Re: [PATCH V2] kernel/watchdog: fix spurious hard lockups

From: Don Zickus
Date: Mon Jul 17 2017 - 10:46:44 EST


On Mon, Jul 17, 2017 at 01:24:23AM +0000, Liang, Kan wrote:
> Hi Don & Thomas,
>
> Sorry for the late response. We just finished the tests for all proposed patches.
>
> There are three proposed patches so far.
> Patch 1: The patch as above which speed up the hrtimer.
> Patch 2: Thomas's first proposal.
> https://patchwork.kernel.org/patch/9803033/
> https://patchwork.kernel.org/patch/9805903/
> Patch 3: my original proposal which increase the NMI watchdog timeout by 3X
> https://patchwork.kernel.org/patch/9802053/
>
> According to our test, only patch 3 works well.
> The other two patches will hang the system eventually.
> For patch 1, the system hang after running our test case for ~1 hour.
> For patch 2, the system hang in running the overnight test.
> There is no error message shown when the system hang. So I don't know the
> root cause yet.

Hi Kan,

Thanks for the feedback. Odd that the different patches had different
results. What is more odd to me is the hang. I thought these were all
false lockups that prematurely panic'd and rebooted the box.

Is the machine configured to panic on hardlockup and reboot?
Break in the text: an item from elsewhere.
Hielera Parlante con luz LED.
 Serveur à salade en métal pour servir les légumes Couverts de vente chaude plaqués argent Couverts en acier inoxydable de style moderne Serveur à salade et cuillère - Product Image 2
Perhaps kdump
is enabled to store the console log for review upon reboot?

It almost implies that a hardlockup did happen but isnt' being detected
until later??
>
> BTW: We set 1 to watchdog_thresh when we did the test.
> It's believed that can speed up the failure.

Sure, you/they look for 1 second hangs instead of 10 second ones. But with
patch3 it is more like 3 seconds'ish vs 30 second'ish.

As Thomas asked, I would also be interested in the way the test works. The
hang doesn't make sense.

Cheers,
Don